### Work item
The answer should hold only the lines from the one that contains "Nike fury running shoes" through the last line of the material, repeated exactly, without pictures.

### Data in this exercise
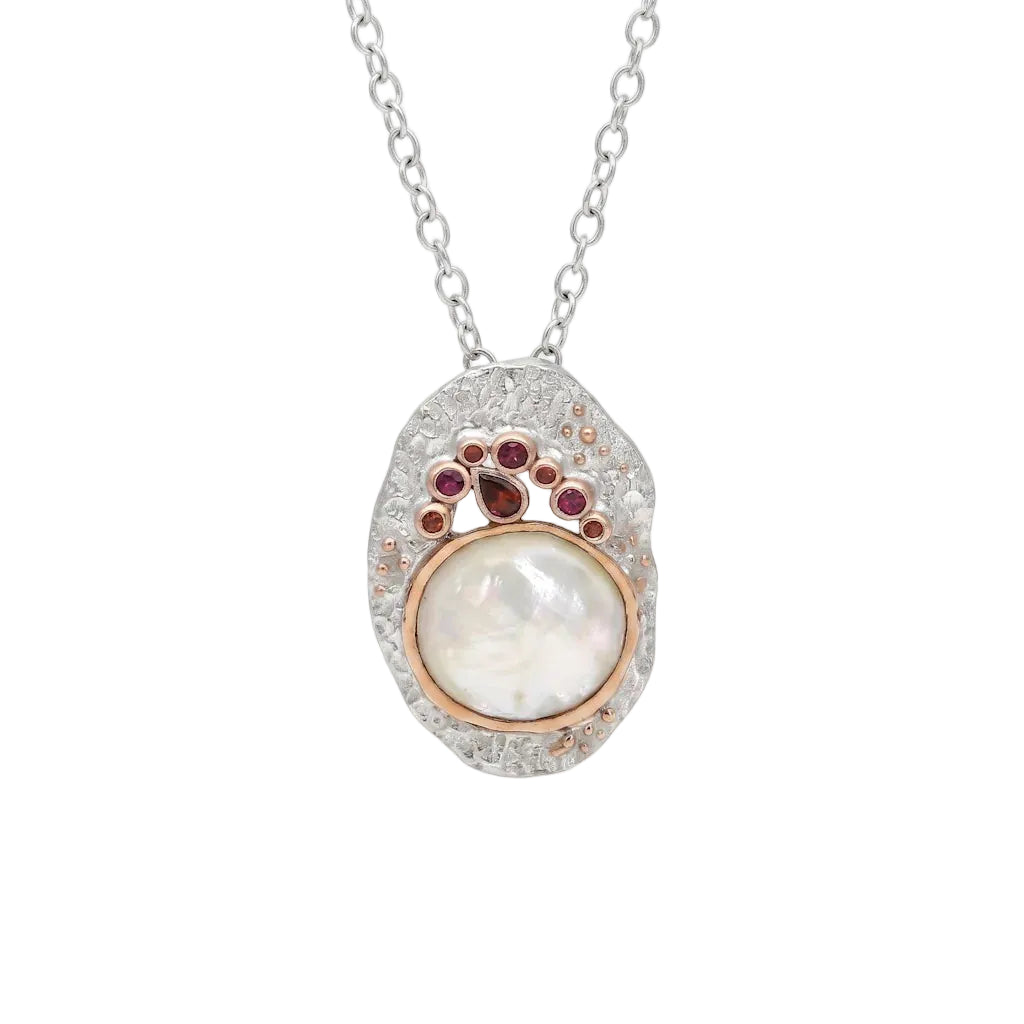 REGINA AMULET – Exklusives Medaillon Collier mit rotem Granat und Perlmutt aus 925 Sterling Silber von René Rose Jewelry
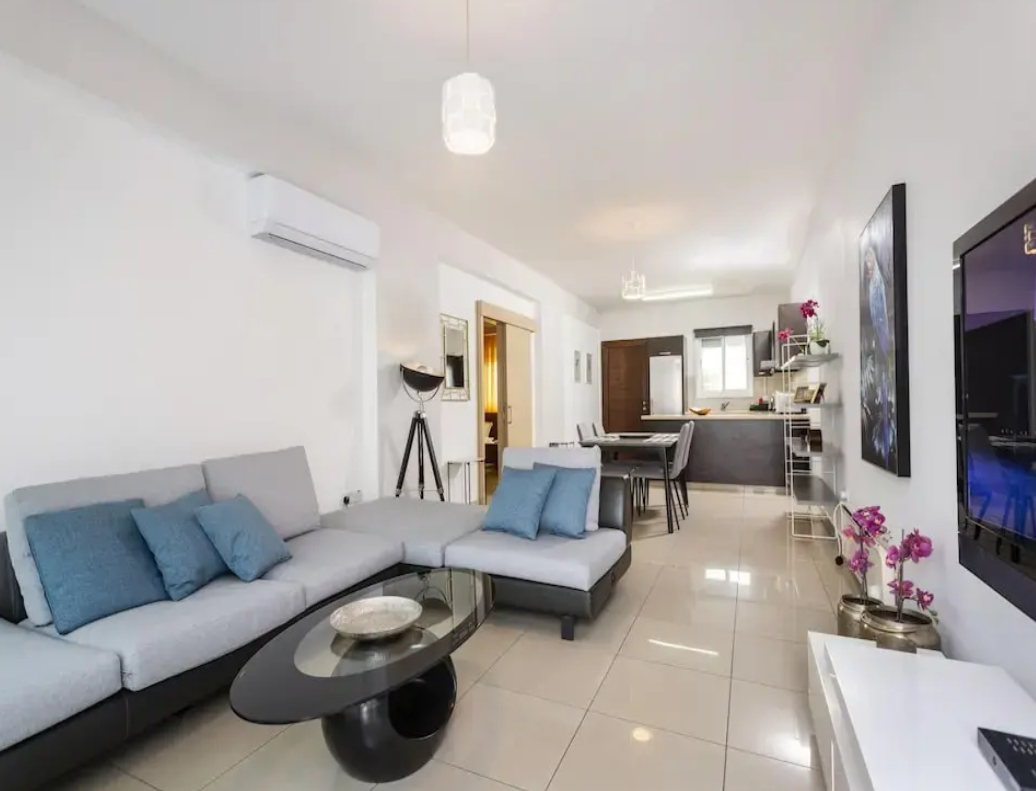 1 Bedroom Apartment for Sale in Potamos Germasogeias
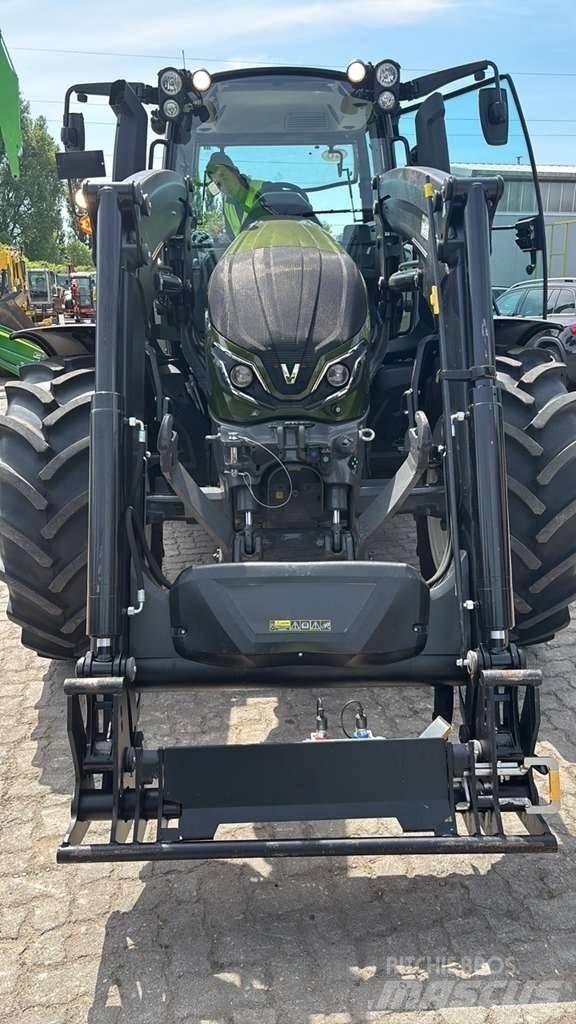 Valtra G135 Tractoren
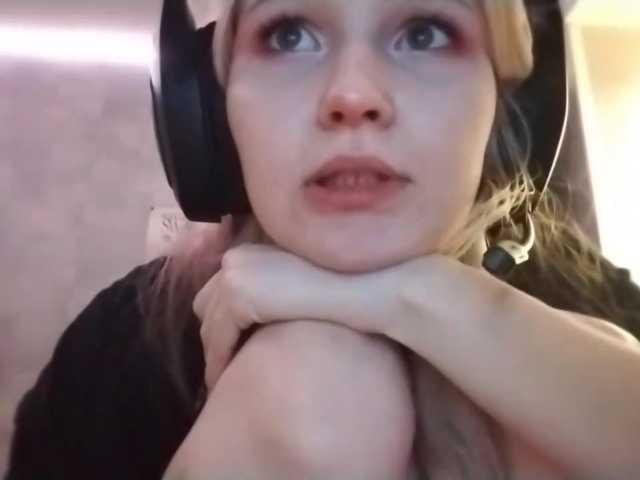 AmieFilipovic live cam on BongaCams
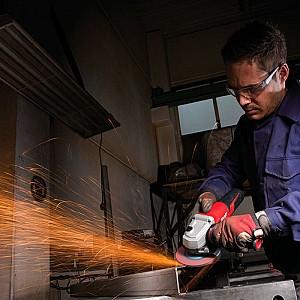 Polizor unghiular Milwaukee AGV15-125XE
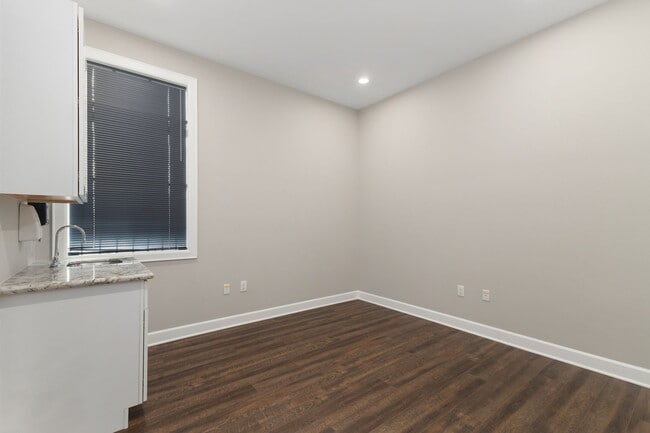 Foto del edificio - 2043 Mason Rd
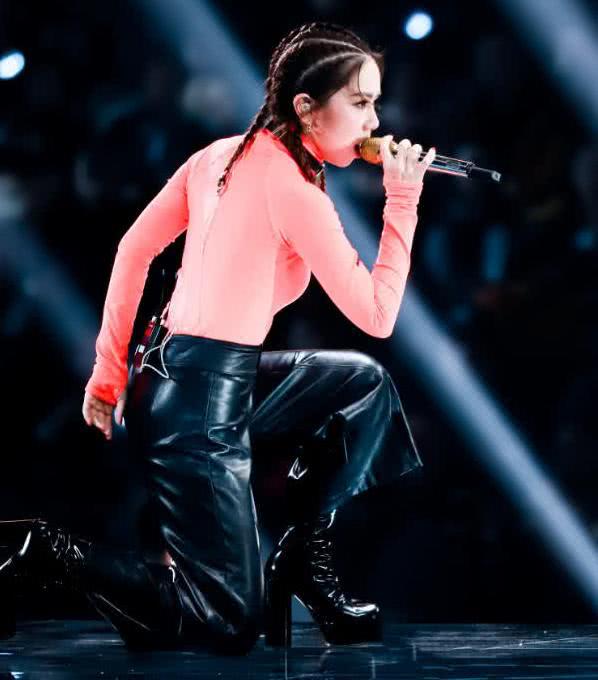 邓紫棋还敢穿皮裤,还没被网友吐槽够吗?可是这次太好看了吧!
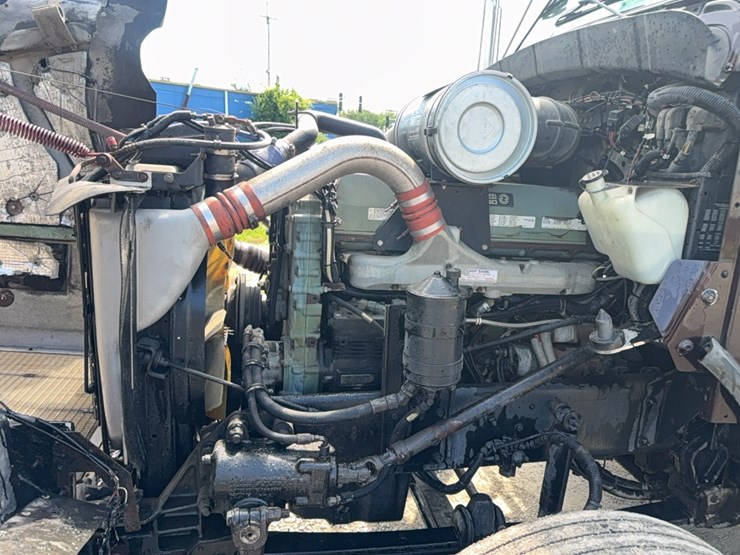 1999-kenworth-t800-image-44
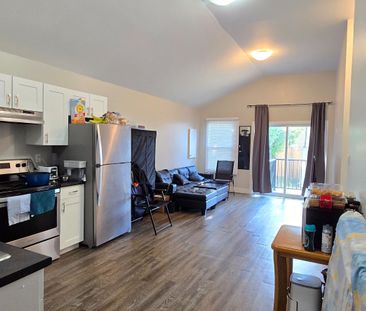 For Lease - 261 Cairn Street, London South, Ontario - Photo 6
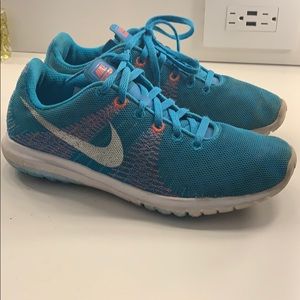 Nike fury running shoes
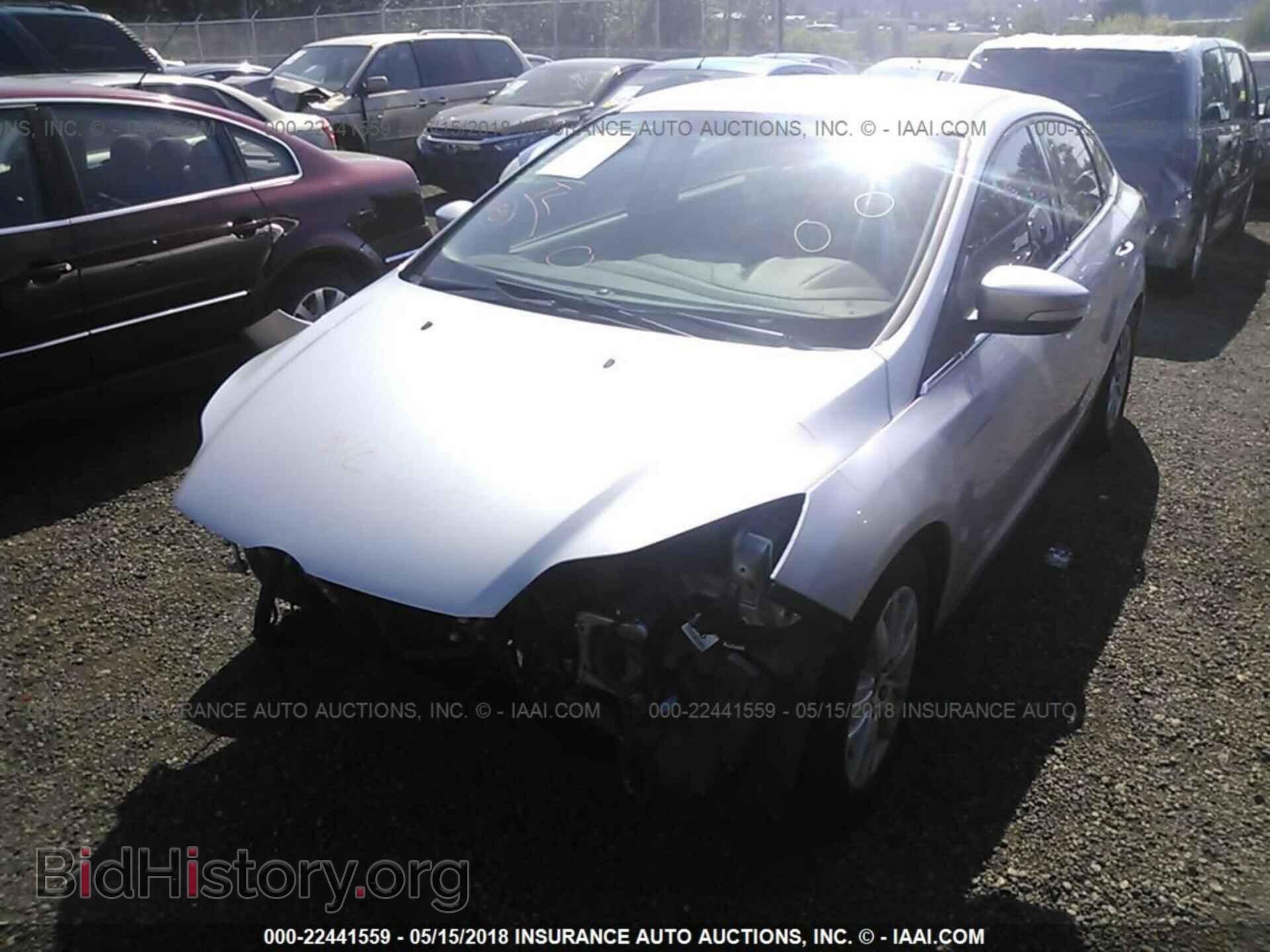 2012 Ford Focus - VIN: 1FAHP3H28CL349826 - Photo 2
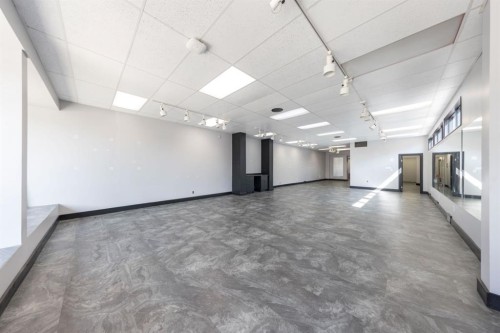 5008 50 Street, Lloydminster, AB 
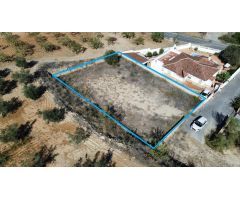 Se vende solar urbano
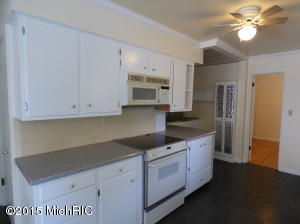 451 Chippewa Rd, Benton Harbor, MI 49022 photo 8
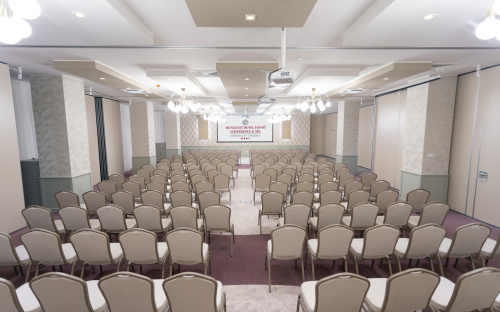 Konferencia terem - Hunguest Hotel Fenyő - Csíkszereda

### Response to this task
 Nike fury running shoes
 2012 Ford Focus - VIN: 1FAHP3H28CL349826 - Photo 2
 5008 50 Street, Lloydminster, AB 
 Se vende solar urbano
 451 Chippewa Rd, Benton Harbor, MI 49022 photo 8
 Konferencia terem - Hunguest Hotel Fenyő - Csíkszereda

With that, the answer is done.